Sollte die EU eine weitere Verlängerung gewähren, wird Mr. Johnson weiterhin für seinen No-Deal-Kurs werben. Er wird behaupten, er hätte versucht, der EU einen akzeptablen Deal abzuringen – und sei dabei gescheitert, sodass ein No-Deal-Szenario nun die einzige Option sei.

Es ist sehr unwahrscheinlich, dass diese Politik bei Parlamentswahlen eine Mehrheit der Stimmen erzielen könnte. Um sich eine Mehrheit der Sitze im Parlament zu sichern, bräuchte Mr. Johnson eine solche jedoch gar nicht. Bei der letzten Wahl im Jahr 2017 gelang es der Labour-Partei, den größten Teil der Remain-Stimmen zu gewinnen, was die Konservativen daran hinderte, eine absolute Mehrheit zu bekommen (sie wurden dabei von der Democratic Union Party, DUP, unterstützt). Diesmal ist es fraglich, ob die Labour-Partei in der Lage wäre, diese Glanzleistung zu wiederholen, auch angesichts der mangelnden Bereitschaft ihres Parteivorsitzenden Jeremy Corbyn, eine klare Remain-Position einzunehmen. Infolgedessen könnten die Remain-Stimmen auf eine Reihe von Parteien aufgesplittet werden, was den Weg für eine konservative Mehrheit ebnen könnte.

Die politische Krise Großbritanniens könnte erst am Anfang stehen

Im Kern des Brexit-Desasters liegt die mangelnde Einsicht zahlreicher Konservativer, darunter auch Mr. Johnson, der eingeschränkten Möglichkeiten des Vereinigten Königreichs in der EU. In ihrer Welt ist der Brexit wichtiger als die Aufrechterhaltung des Vereinigten Königreiches selbst. Großbritannien könnte ihrer Ansicht nach zu einer Art neuem Singapur werden, das über niedrige Steuersätze große Investitionen anzieht und Handelsabkommen mit der ganzen Welt abschließt. Das Bewusstsein für die harten Details der Handelsabkommen, wie sie nun funktionieren, und das Verständnis dafür, wie ein Land wie das Vereinigte Königreich bei Verhandlungen mit Supermächten wie den USA und China allein zurechtkommen könnte, scheinen bei Herrn Johnson und seinen Verbündeten gänzlich zu fehlen.

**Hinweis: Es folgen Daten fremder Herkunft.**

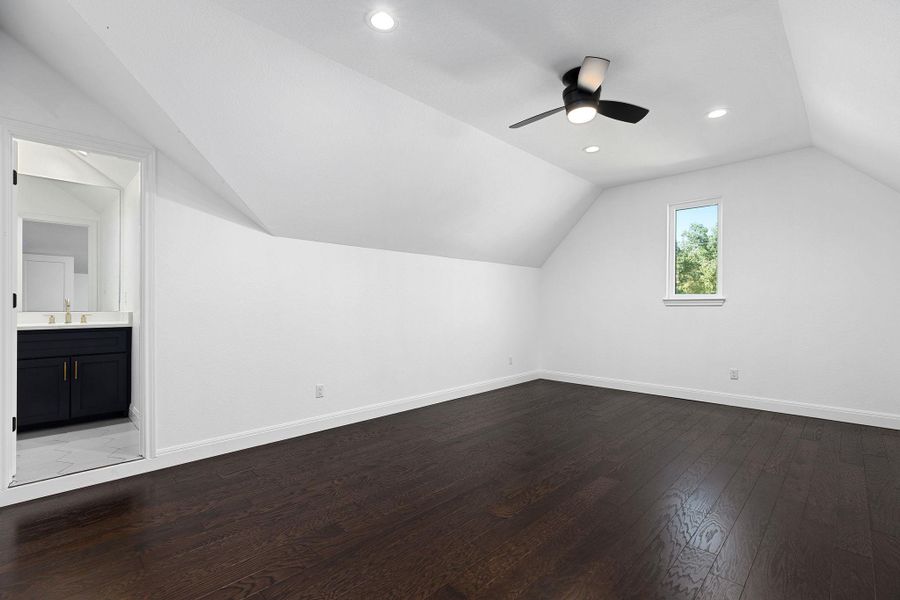 Additional living space with vaulted ceiling, dark wood-style floors, recessed lighting, and ceiling fan Additional living space with vaulted ceiling, dark wood-style floors, recessed lighting, and ceiling fan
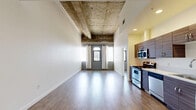 Located on Wilshire Boulevard in the heart of Los Angeles, this 1-bedroom, 1-bathroom unit blends industrial character with modern finishes. The open-plan living and kitchen area is a standout, featuring dramatically exposed concrete beam ceilings that lend an urban loft aesthetic. Wide-plank hardwood-style flooring runs throughout, complementing the clean white walls and creating a warm, cohesive feel. Arched windows allow natural light to fill the living space while framing views of the Los Angeles skyline.

The kitchen is well-appointed with dark wood-grain cabinetry, stainless steel appliances including a range, microwave, dishwasher, and refrigerator, along with an in-unit washer — all integrated into a streamlined galley layout. The bedroom offers a comfortable and private retreat, with arched windows that continue the architectural theme and provide sweeping city views. The room features the same hardwood-style flooring and high ceilings for an airy feel.

The bathroom includes a full soaking tub and shower combo with clean white tile surround. A hallway connects the living areas efficiently, completing this thoughtfully designed urban residence ideal for those seeking modern city living.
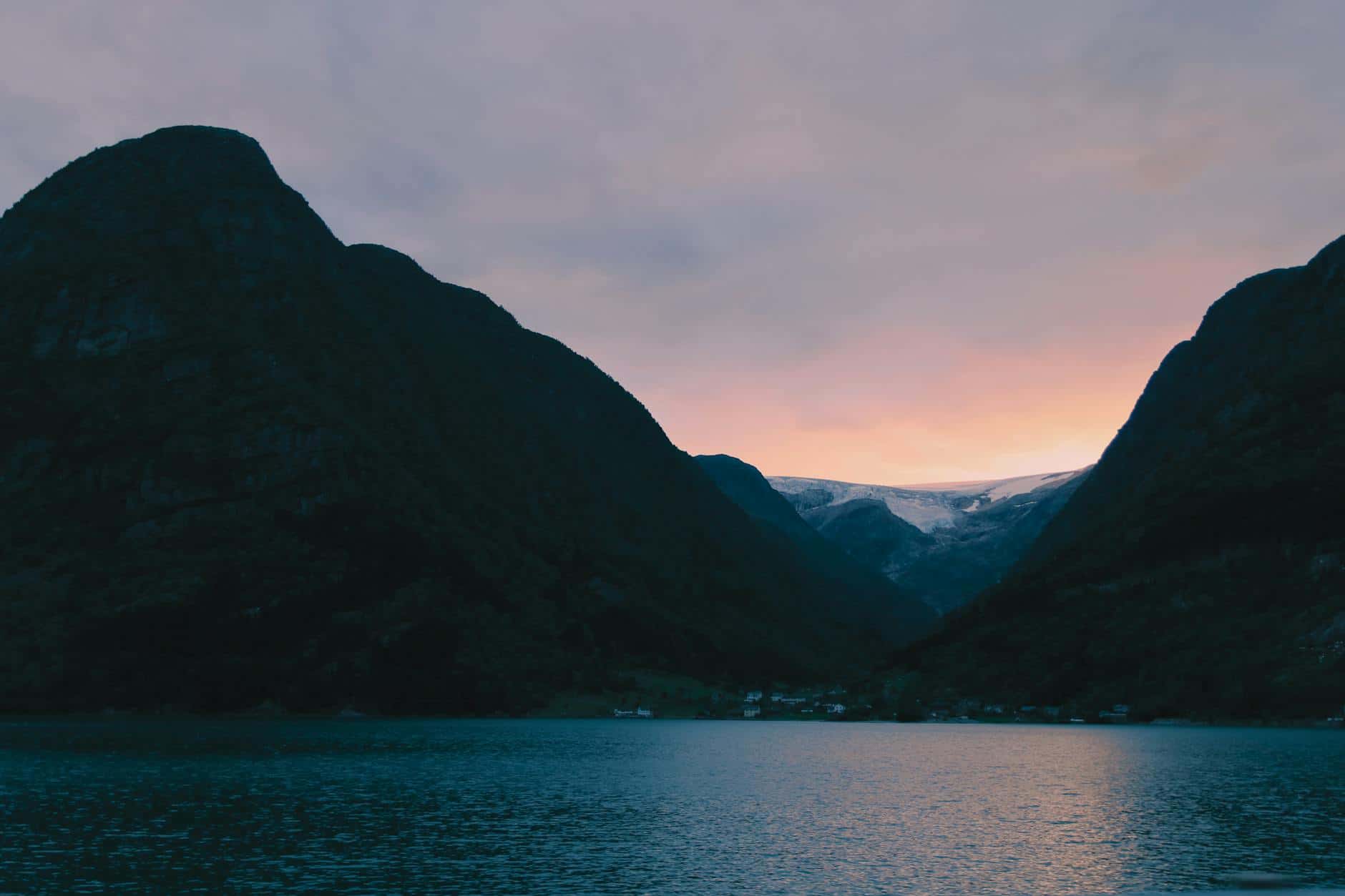 Breathtaking view of a fjord in Norway at sunset, framed by dramatic mountains.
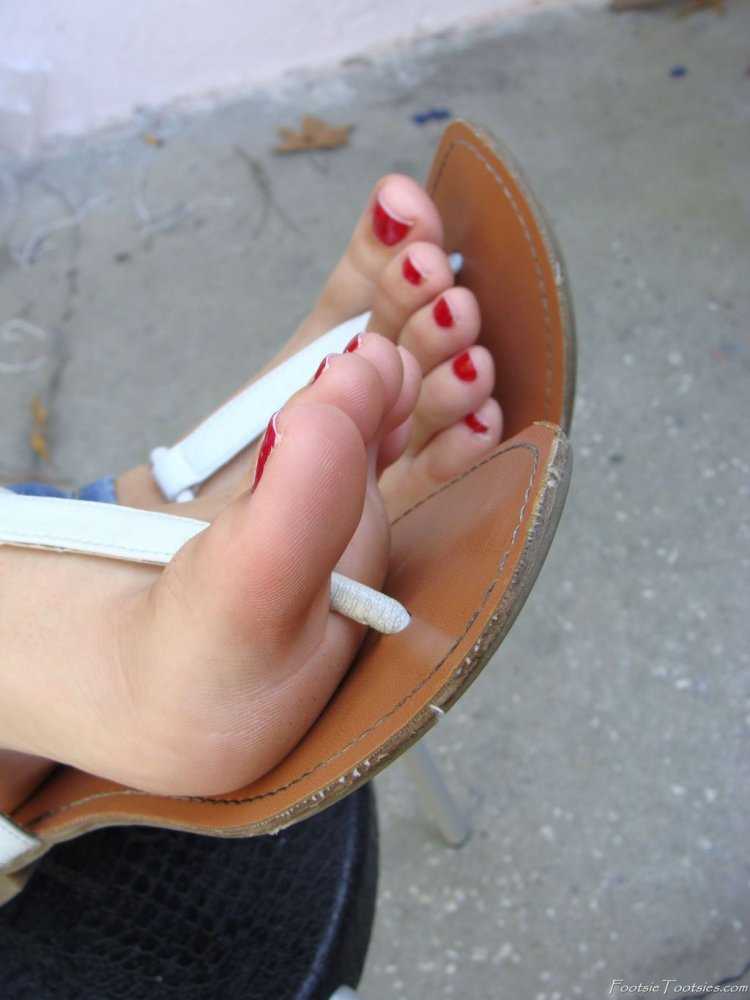 Девушка с накрашенными ногтями на ногах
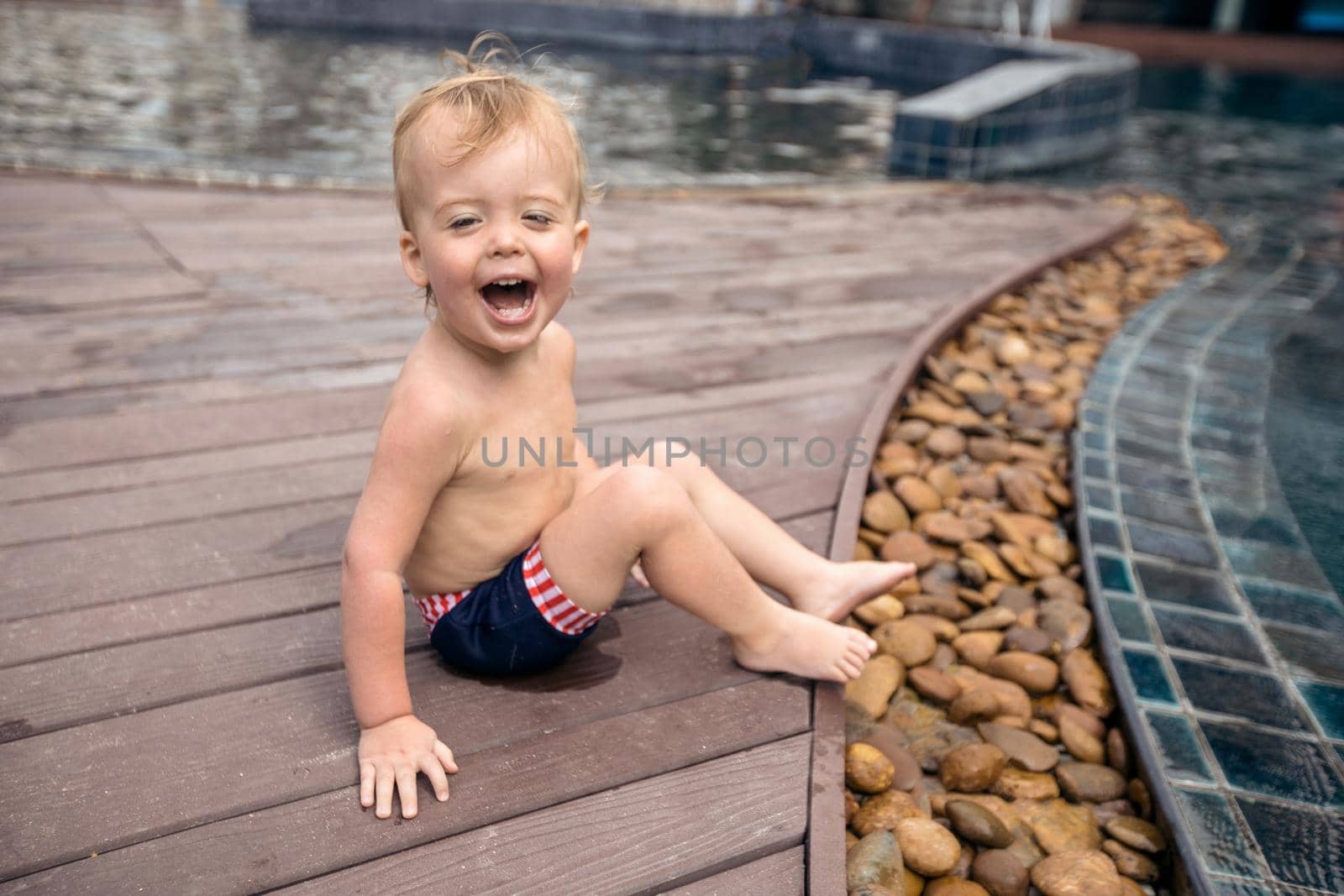 Innocent happy infant sitting on wooden poolside of resort and laughing excitedly.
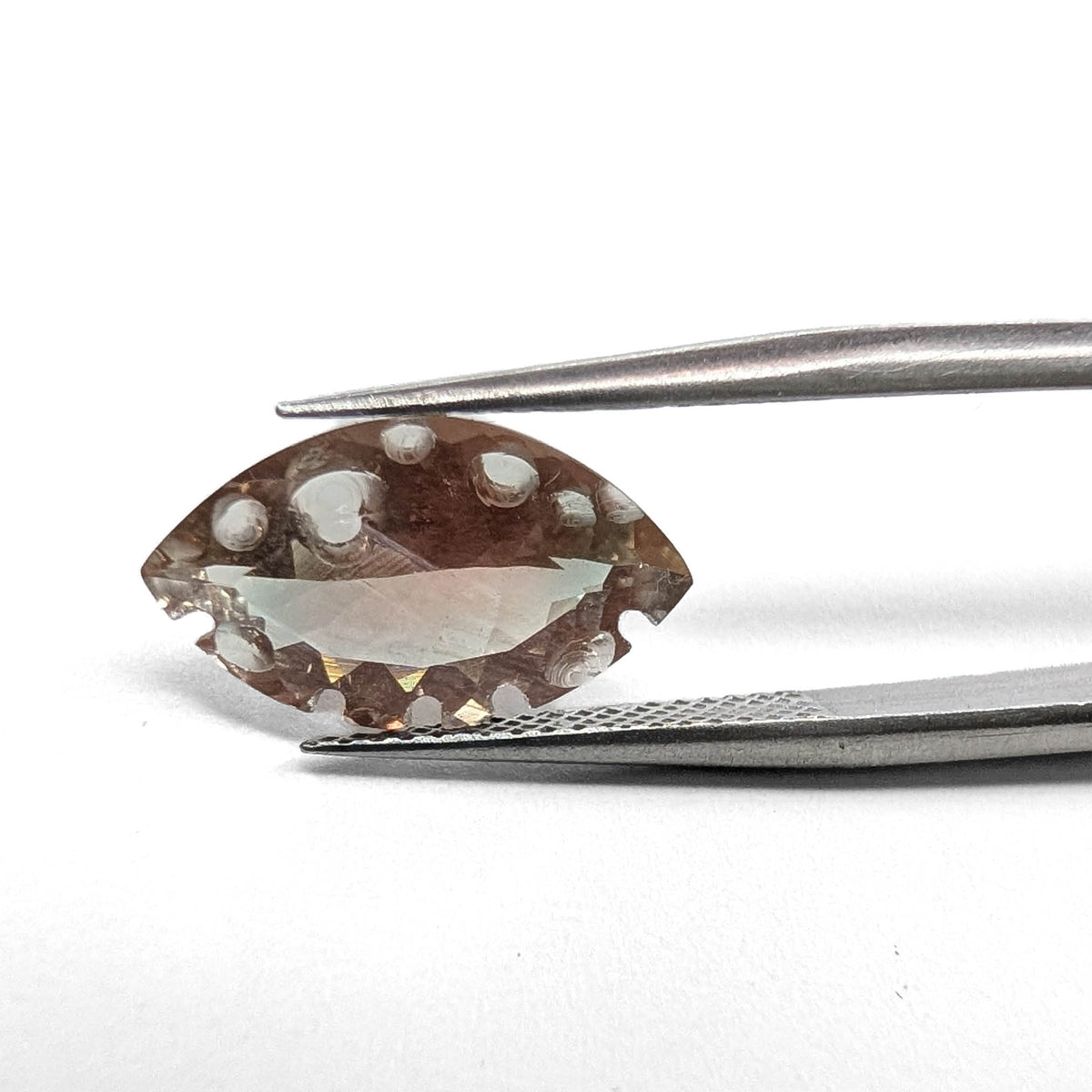 Oregon sunstone faceted marquise fantasy cut gemstone, 3.28ct, held in tweezers, view 9 of 11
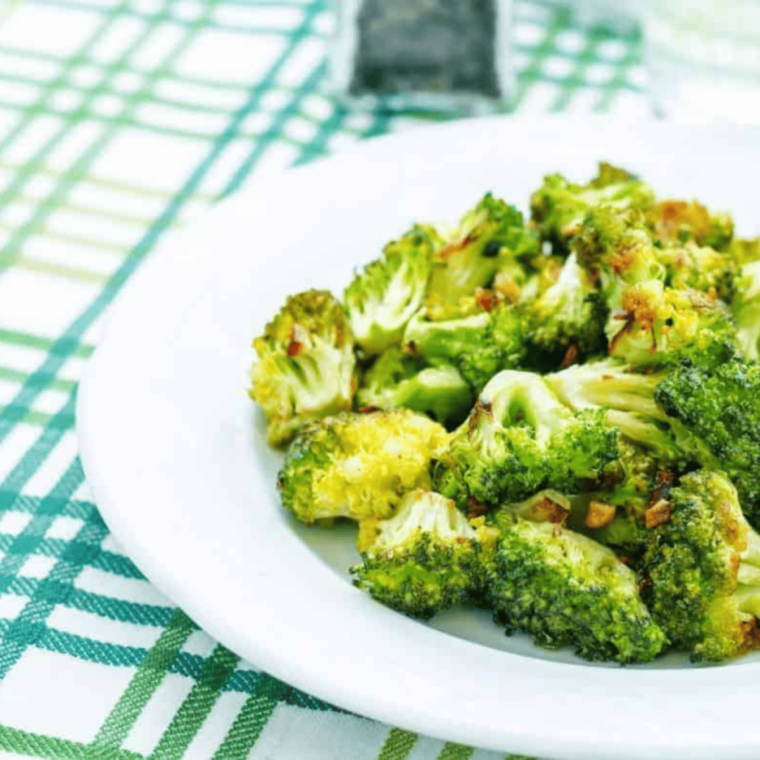 A plate of perfectly steamed Longhorn Steakhouse-style broccoli, tender, vibrant green, and lightly seasoned for a delicious side dish.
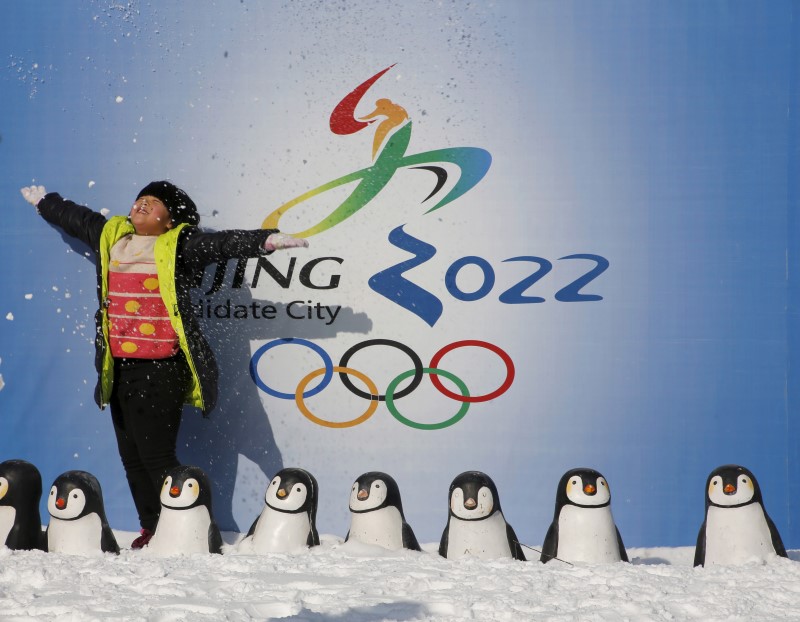 © Reuters. A girl throws snow into the air as she poses for her souvenir picture in front of a board during the Ice and Snow carnival at Taoranting park in Beijing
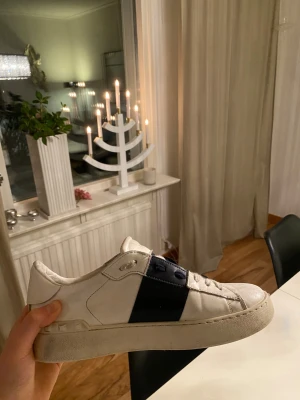 Valentino Open Garavani sneakers  - Säljer mina Valentino Open Garavani sneakers. Vit modell med mörkblå detalj i mitten. 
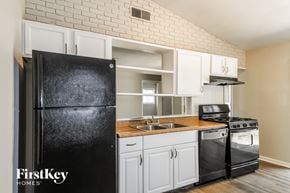 Florissant house for rent - a kitchen with white cabinets and a black refrigerator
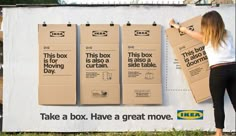 a woman placing boxes on the side of a moving box sign that says take a box have a great move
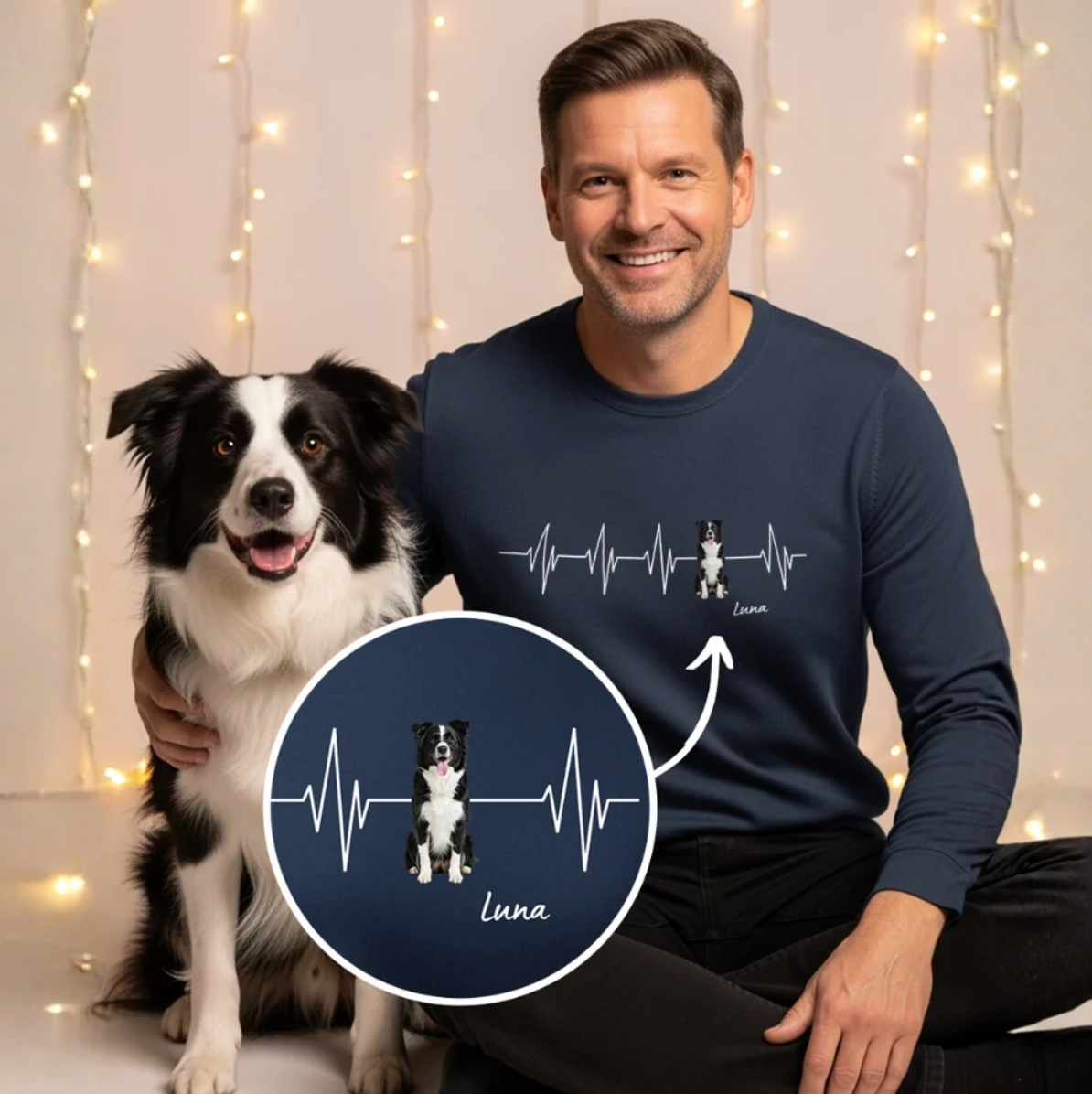 Dark blue sweatshirt with personalized heartbeat design and dog picture. Model sitting next to a dog.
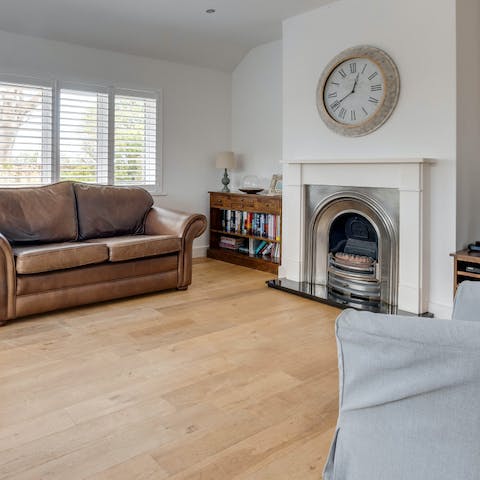 Admire the feature fireplace, giving the living room a cosy feel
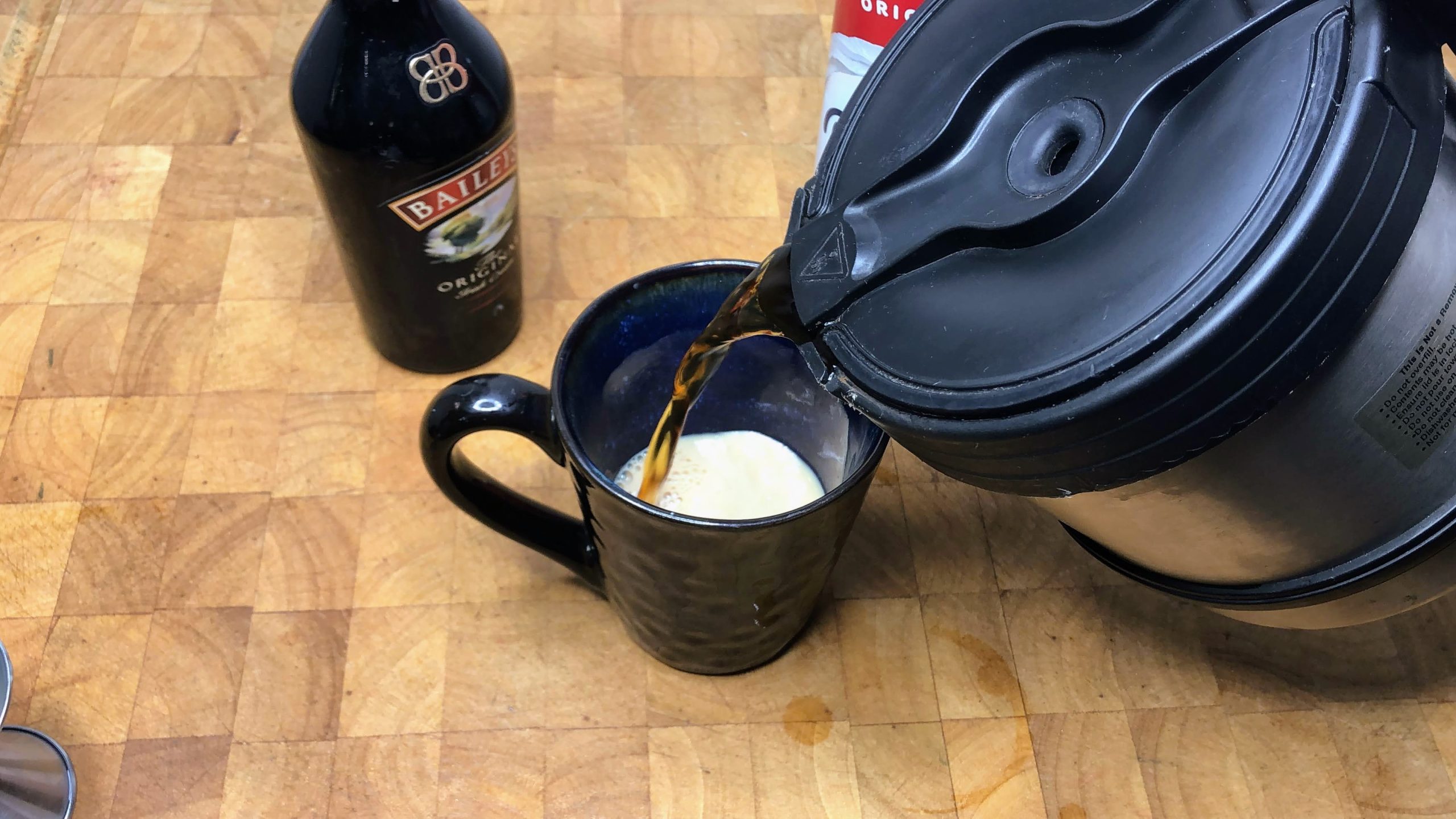 pouring hot coffee into a coffee mug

Dahinter liegt jedoch ein grundlegenderes Problem. Das Vereinigte Königreich durchlebt seit nun über drei Jahren eine ernste politische Volatilität, viel stärker, als es in den letzten Jahrzehnten gewohnt war. Nicht unwahrscheinlich könnte das, was wir bisher gesehen haben, nur der Beginn einer viel grundlegenderen politischen Krise sein, die zumindest ein Jahrzehnt dauern und einen viel grundlegenderen Wandel im Land bewirken könnte. Die Frustration ist auf beiden Seiten des Brexit-Grabens groß, und ob das Vereinigte Königreich schließlich die EU verlässt oder nicht, wird diese Bruchlinie bestehen bleiben. Das Zweiparteiensystem, das sogar durch das Mehrheitswahlrecht gestärkt wird, scheint gefährdet zu sein. Im Laufe der Zeit ist ein Wechsel zum Verhältniswahlrecht möglich.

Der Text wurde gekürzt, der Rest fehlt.